The Mark-Evacuate collector consists of three phases: marking, copying, and updating pointers. To avoid sweeping pages in the young generation to maintain free lists, the young generation is still maintained using a semi-space that is always kept compact by copying live objects into “to-space” during garbage collection. It's advantage being parallel is that ‘exact liveness’ information is available. This information can be used to avoid copying by just moving and relinking pages that contain mostly live objects, which is also performed by the full Mark-Sweep-Compact collector. It works by marking live objects in the heap in the same fashion as the mark-sweep algorithm, meaning the heap will often be fragmented. V8 currently ships with the parallel Scavenger which reduces the main thread young generation garbage collection total time by about 20%–50% across a large set of benchmarks.

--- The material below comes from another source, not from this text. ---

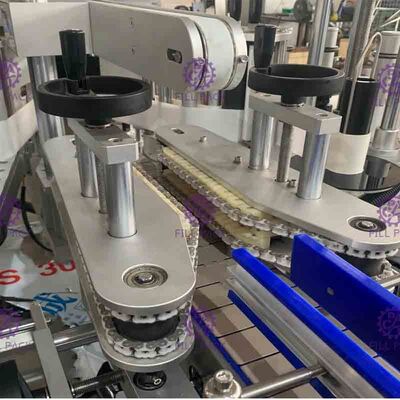 1200W Industrial Oil Bottle Labeling Equipment Electric Driven Type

Everything related to pausing of the main thread, response time and page load has significantly improved, which allows animations, scrolling and user interaction on the page to be much smoother. The parallel collector made it possible to reduce the total duration of processing of young memory by 20–50%, depending on the load. However, the work is not over: Reducing pauses remains an important task to simplify the lives of web users, and we continue to look for the possibility of using more advanced techniques to achieve the goal.

Conclusions

Most developers don’t need to think about GC when developing JavaScript programs, but understanding some of the internals can help you think about memory usage and helpful programming patterns. For example, given the structure of the heap in V8, based on generations, low-living objects are actually quite cheap in terms of GC, since we pay mainly for the surviving objects. This kind of pattern is not only particular to JavaScript but also to many languages with garbage collection support.

Main Takeaways:

  • Do not use outdated or deprecated packages like node-memwatch, node-inspector or v8-profiler to inspect and learn about memory. Everything you need is already integrated in the Node.js binary (especially a node.js inspector and debugger). If you need more specialized tooling, you can use NSolid, Chrome DevTools and other well known software.
  • Consider where and when you trigger heap snapshots and CPU profiles. You will want to trigger both, mostly in testing, due to the intensity of CPU operations that are required to take a snapshot in production. Also, be sure of how many heap-dumps are fine to write out before shutting the process and causing a cold restart.
  • There’s no one tool for everything. Test, measure, decide and resolve depending on the application. Choose the best tool for your architecture and the one that delivers more useful data to figure out the issue.